From this, I'm guessing at some point in the SQL parser, someone used a like operator rather than checking for equality of variable names, and somehow as a result this syntax is triggering an undocumented or incomplete 'feature' in proc sql.
An example of the more general case:
options
msglevel = I
;
data aa;
do i=1 to 20;
m=i*5;
myvar_plus_suffix=30;
output;
end;
run;
data bb;
do i=10 to 20;
myvar=i*5;
output;
end;
run;
option DEBUG=JUNK ;
/*Incorrect sql command - column "yy" in not on "bb" table"*/
proc sql _method
_tree;
create table dd as
select *
from aa
where m in (select myvar_plus_suffix from bb)
;quit;
Here is a response from SAS support.
What you are seeing is related to column scoping in PROC SQL.

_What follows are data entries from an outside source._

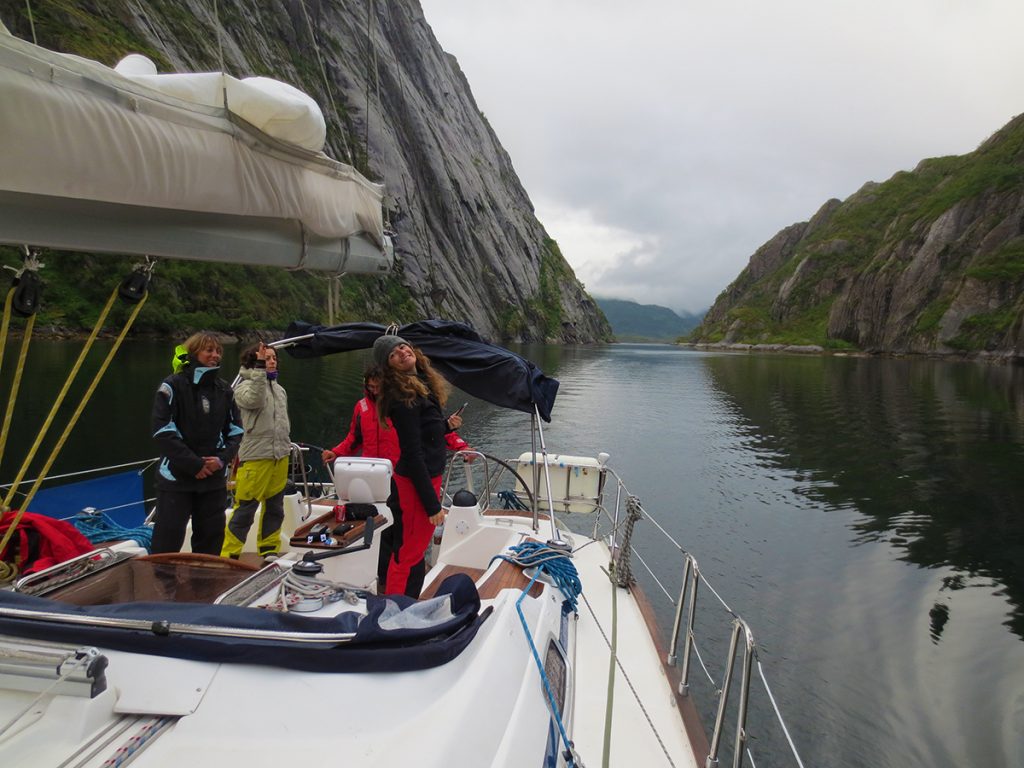 Isole Lofoten in barca a vela: 70° latitudine nord. 12 Isole Lofoten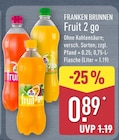 Fruit 2 go von FRANKEN BRUNNEN im aktuellen ALDI Nord Prospekt für 0,89 €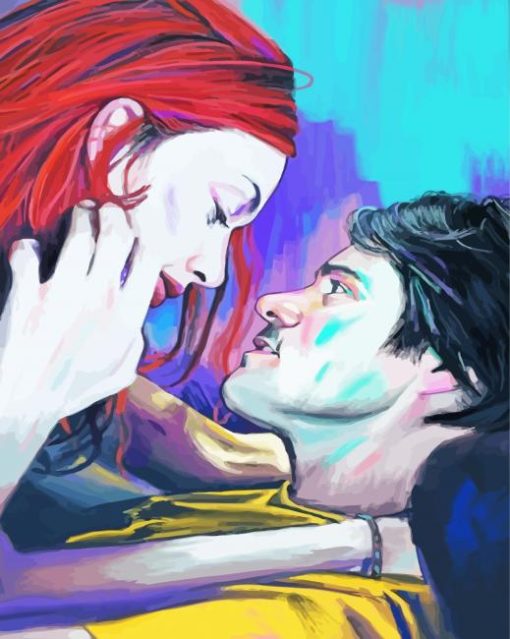 Eternal Sunshine Of The Spotless Mind Art Diamond Painting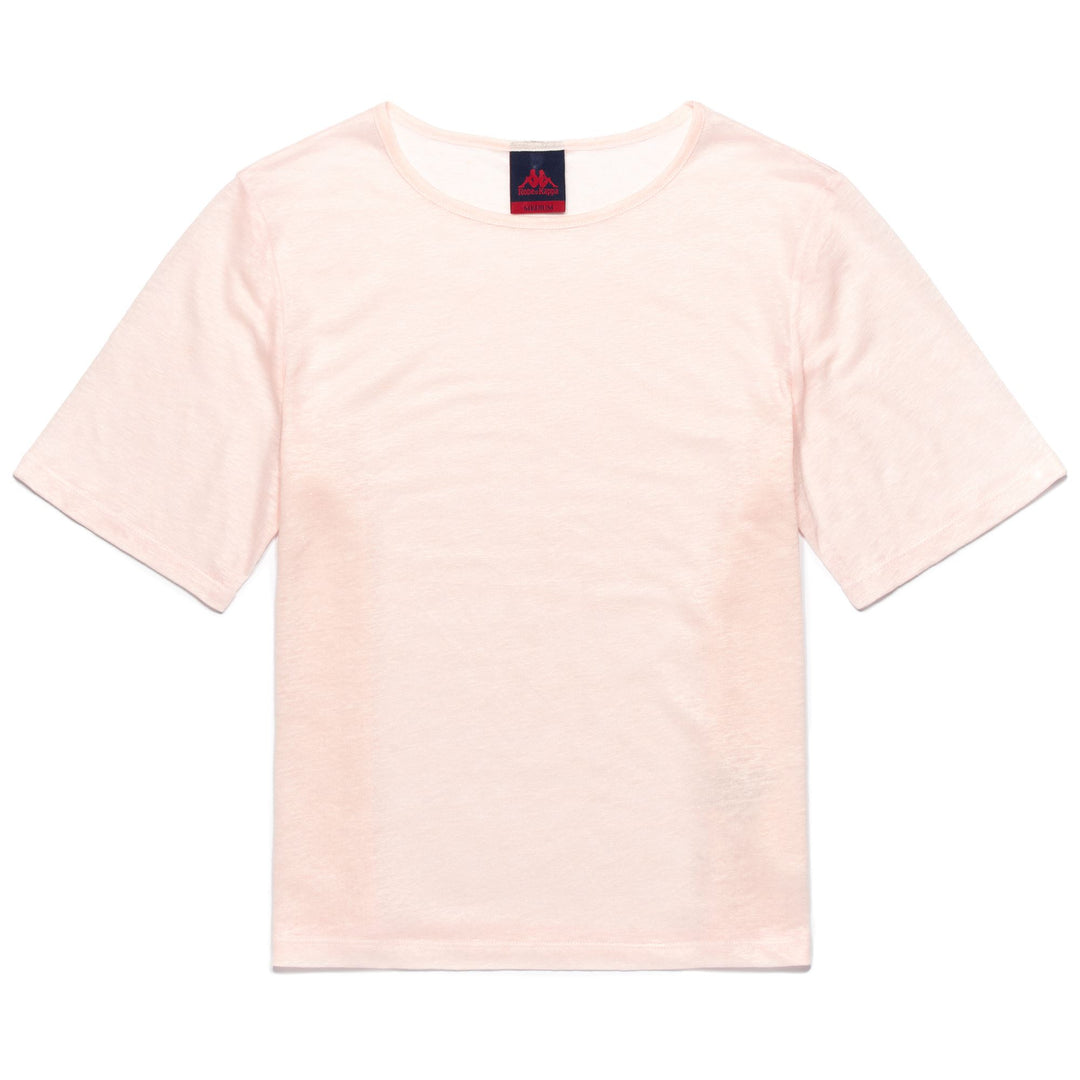 T-ShirtsTop Woman EVELYNE PROGETTO QUID T-Shirt PINK LT Photo (jpg Rgb)			
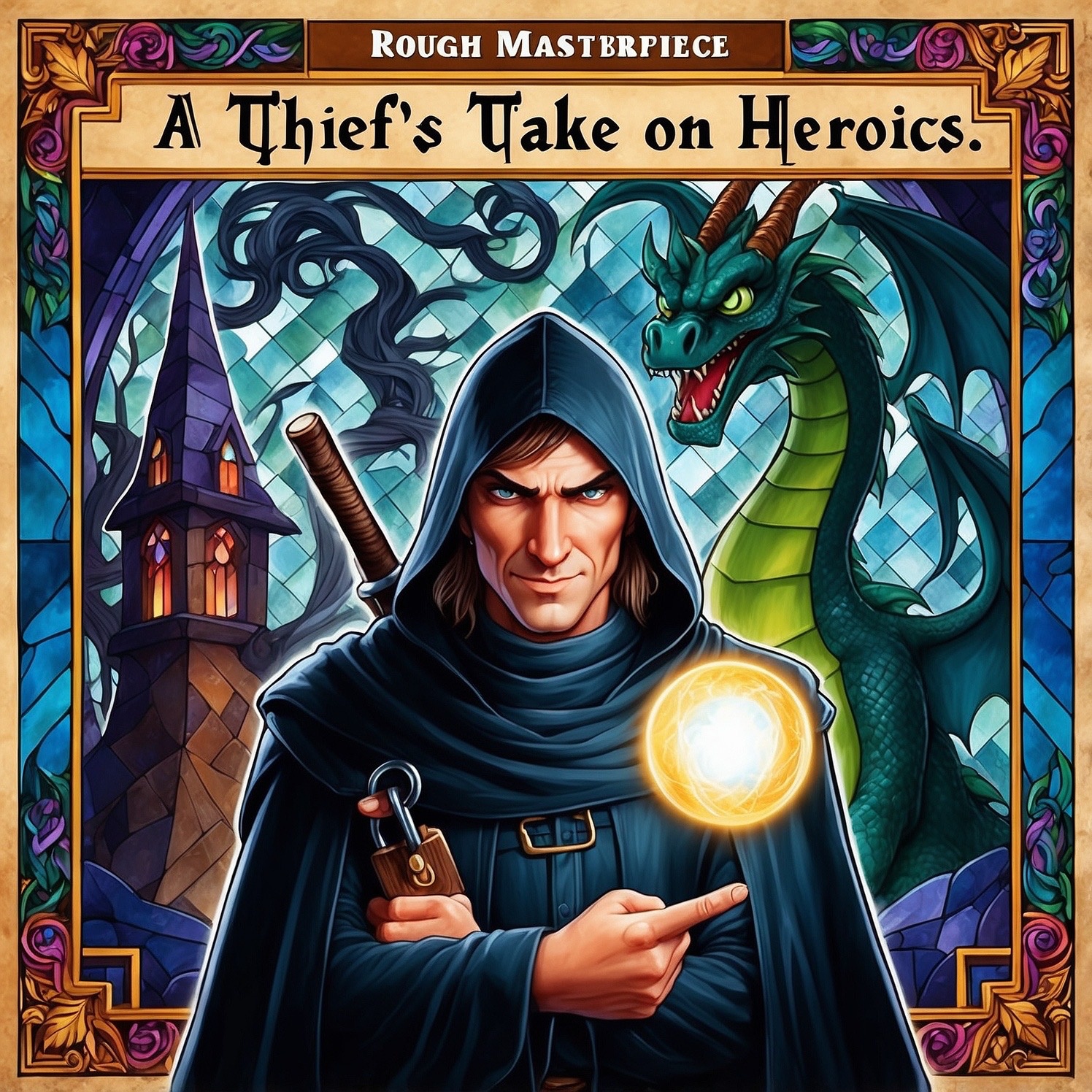 Image for A Thief‘s Take on Heroics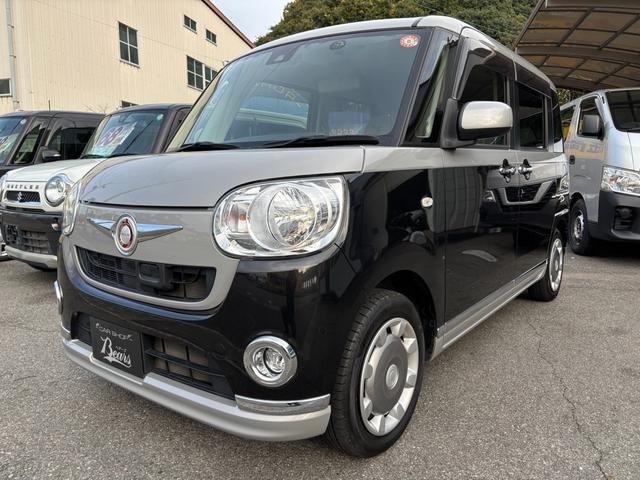 ムーヴキャンバス Ｘリミテッドメイクアップ　ＳＡＩＩ　両側パワースライドドア　ナビ　フルセグＴＶ　ＤＶＤ再生ブルーツース　バックカメラ　スマートアシストＩＩ　スマートキー　ＥＴＣ（4枚目）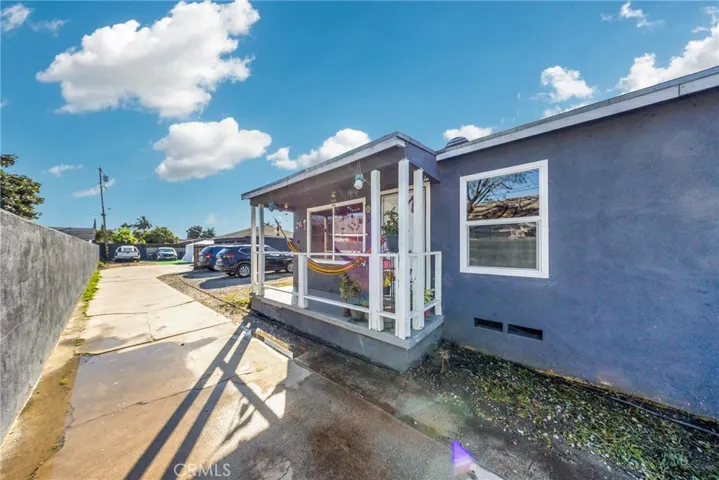 3222 to Back of Property
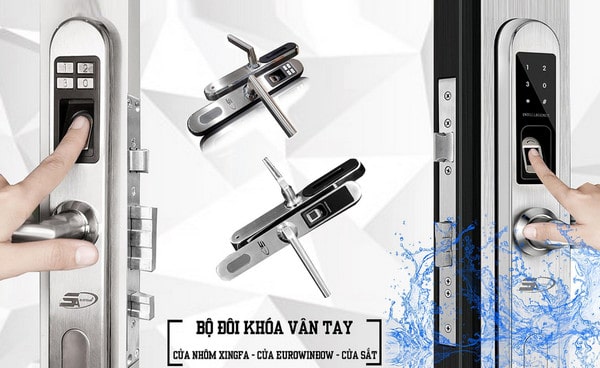 Khoá cửa vân tay 5asystem 5A SBS3000 PRO 11 5. Khoá vân tay 5A SBS3000 thích hợp lắp đặt cho nhiều kiến trúc nhà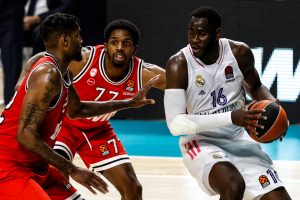 Dudas en el Real Madrid con el futuro de Usman Garuba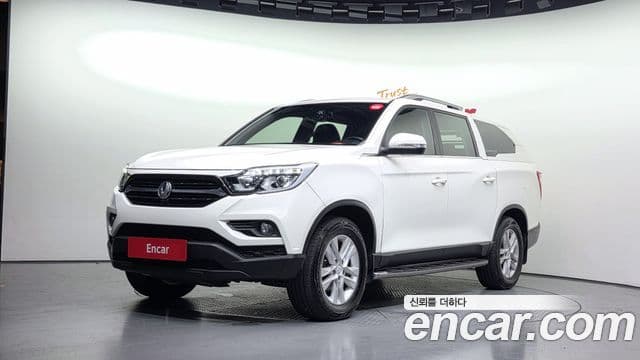 Ssangyong Rexton Diesel 2.2 4WD Prestige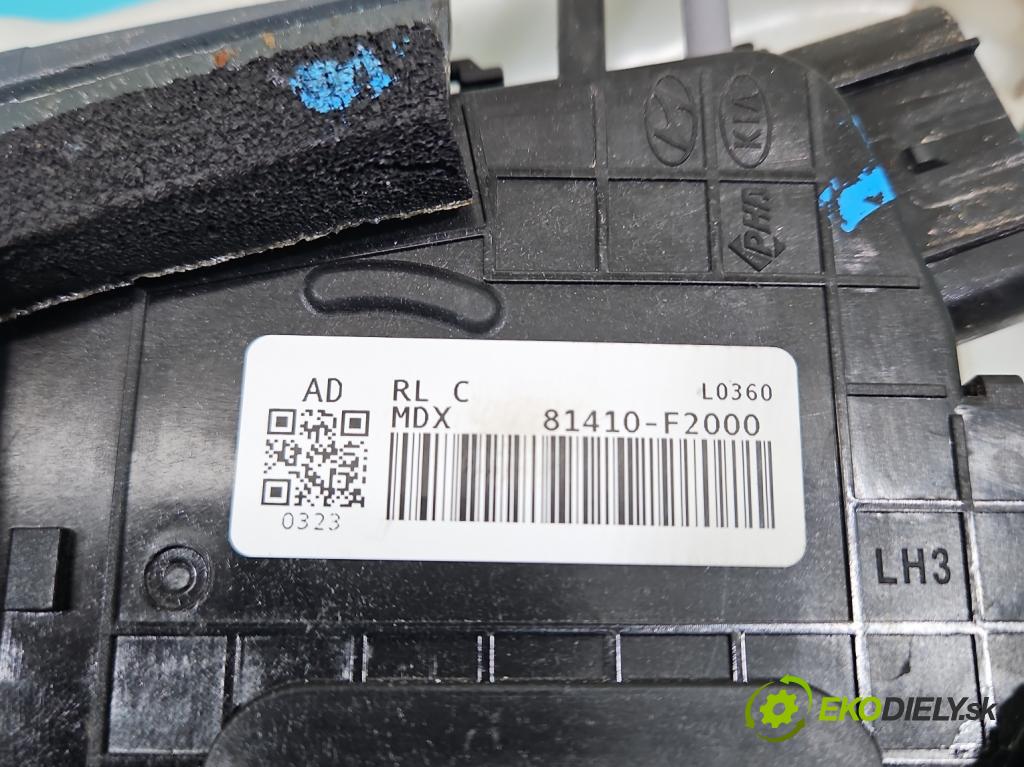 Hyundai Elantra VI 2015-2020 1.6 16v 128 HP manual 93.8 kW 1591 cm3 4- zámok zadné ľavý 81410-F2000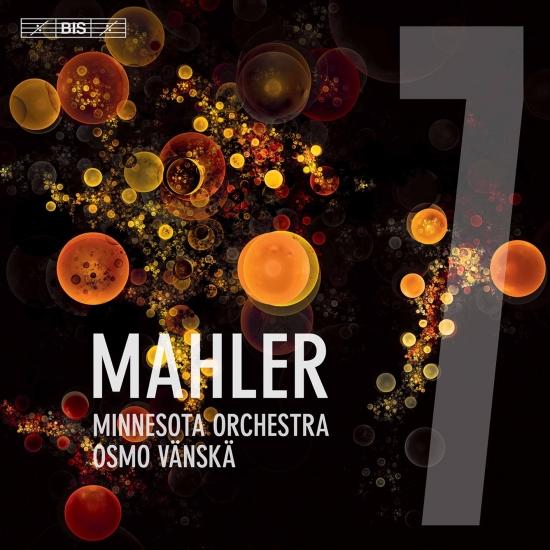 Cover Mahler: Symphony No. 7 in E Minor 'Song of the Night'
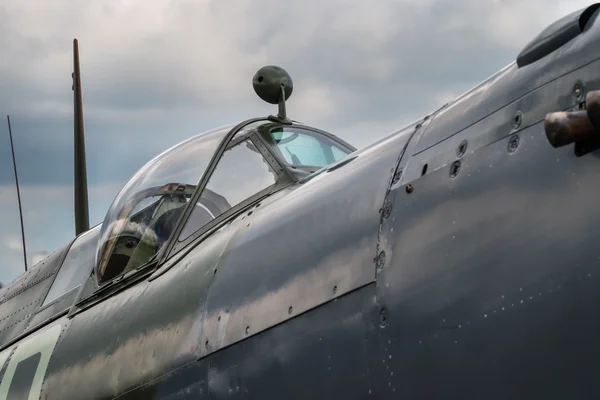 Flugzeugcockpit — Stockfoto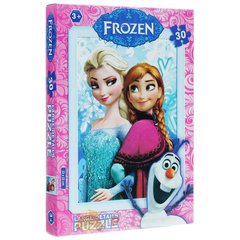 Пазлы Фрозен Анна и Эльза 30 элементов (Enfant)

PROC SQL supports Corellated Subqueries. A Correlated Subquery references a column in the "outer" table which can then be compared to columns in the "inner" table. PROC SQL does not require that a fully qualified column name is used. As a result, if it sees a column in the subquery that does not exist in the inner table (the table referenced in the subquery), it looks for that column in the "outer" table and uses the value if it finds one.
If a fully qualified column name is used, the error you are expecting will occur such as the following:
proc sql;
create table dd as
select *
from aa as outer
where outer.m in (select inner.yyy from bb as inner);
quit;